Of all the things the mind can perceive, that enable us to decide what is and what isn't. If it isn't, isn't it real? What is reality? how do we understand it? What is consciousness, our ability to be aware? This is an effort to collect some information I have stumbled upon in my amazing voyage of discovery. This is a blog about the Vedas and the String theory, the observer and the observed, the phenomenon and perception and finally about the amazing masters who saw it and their teachings.
Showing posts with label self. Show all posts
Showing posts with label self. Show all posts

Osho on the Art of Meditation

Osho on Art of Meditation

My whole life I have been talking about meditation. There are one hundred and twelve methods of meditation; I have gone through all those methods--and not intellectually. It took me years to go through each method and to find out its very essence, and after going through one hundred and twelve methods I was amazed that the essence is witnessing. The methods' non-essentials are different, but the center of each method is witnessing.

Hence I can say to you, there is only one meditation in the whole world and that is the art of witnessing. It will do everything--the whole transformation of your being.
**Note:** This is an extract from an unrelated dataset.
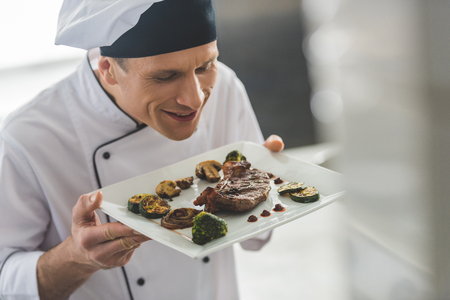handsome chef sniffing cooked steak with vegetables at restaurant kitchenの写真素材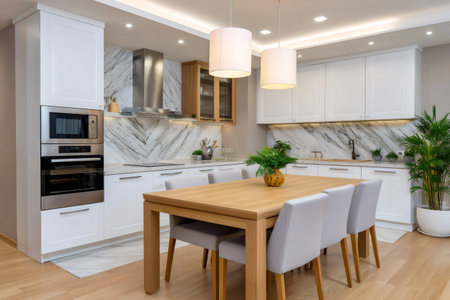 Contemporary kitchen and dining area featuring white cabinets, wooden table, and marble backsplashの素材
Whatever I am doing, my meditation continues. It is not something that I have to do it separately; it is just an art of witnessing. Speaking to you, I'm also witnessing myself speaking to you. So here are three persons: you are listening, one person is speaking, and there is one behind who is watching and that is my real me. And to keep constant contact with it is meditation.

So whatever you do does not matter, you just keep contact with your witness. I have reduced religion to its very fundamental essence. Now everything else is just ritual. This much is enough. And this does not need you to become a Christian or a Hindu or a Mohammedan or anybody, and this can be done by an atheist, by a communist, by anybody, because it needs no kind of theology, no kind of belief system. It is simply a scientific method of slowly moving inwards. A point comes when you reach to your innermost core, the very center of the cyclone.

The basic element running through all the methods of meditation is witnessing.

You ask me: What is witnessing?
Whatever you are doing. For example, right now you are writing. You can write in two ways. The ordinary way that you always write. You can try another method: you can write it and you can also inside witness that you are writing it.

And you ask: Does that mean some kind of detachment?
A detachment. You are a little distant, away, watching yourself writing. So any act, just moving my hand, I can watch. Walking on the road, I can watch myself walking. Eating, I can watch. So whatever you are doing, just remain a witness.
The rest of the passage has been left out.